By using a yeast detection system for androgenic and antiandrogenic effects of chemicals, we identified bisphenol A (BPA) and nonylphenol (NP) as antiandrogens. In this study, we report molecular mechanisms for the antiandrogenic action of BPA and NP. In the ARhLBD-activating signal cointegrator 1 (ASC1) yeast two-hybrid system, which reflects the androgen-dependent interaction between androgen receptor (AR) and its coactivator, ASC1, BPA and NP acted as potent AR antagonists comparable to a known strong antagonist, cyproterone acetate. Ligand competition assays revealed that [3H]5alpha-dihydroxytestosterone (DHT) binding to AR is inhibited a maximum of 30 and 40% at approximately 5 nM of NP and 50 nM of BPA, respectively.

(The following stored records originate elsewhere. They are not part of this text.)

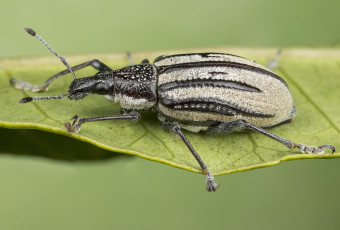 Картинка животные насекомые жучок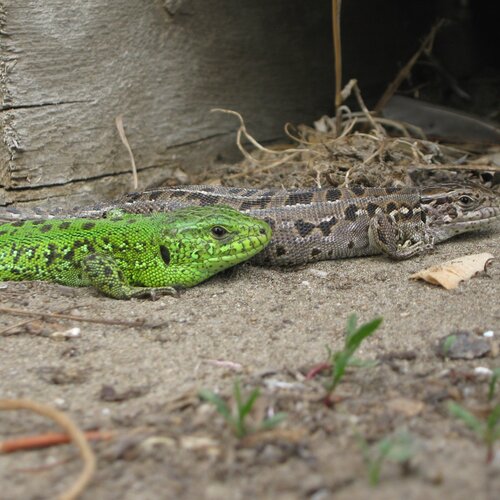 Photo #1000579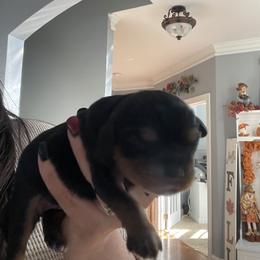 Black and Tan Female - Black and tan female Cavalier King Charles Spaniel puppy in Clemmons, North Carolina from Crown Jewel Cavaliers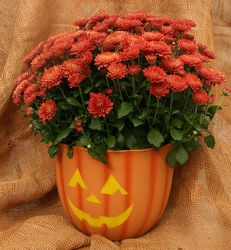 Mum Pumpkin Jack from Mischler's Florist and Greenhouses in Williamsville, NY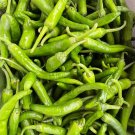 30 Seeds Zhangshugang Chili Pepper Seeds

In addition, the nuclear translocation of green fluorescent protein (GFP)-AR fusion protein in the presence of testosterone was affected by the addition of BPA and NP, which cause rather dispersed distribution of GFP-AR between the nuclear and the cytoplasmic compartments. Furthermore, in transient transfection assays, BPA and NP inhibited androgen-induced AR transcriptional activity. Taken together, the results suggest that BPA and NP affect multiple steps of the activation and function of AR, thereby inhibiting the binding of native androgens to AR, AR nuclear localization, AR interaction with its coregulator, and its subsequent transactivation. These data may help us better understand the biological alterations induced by these environmental compounds.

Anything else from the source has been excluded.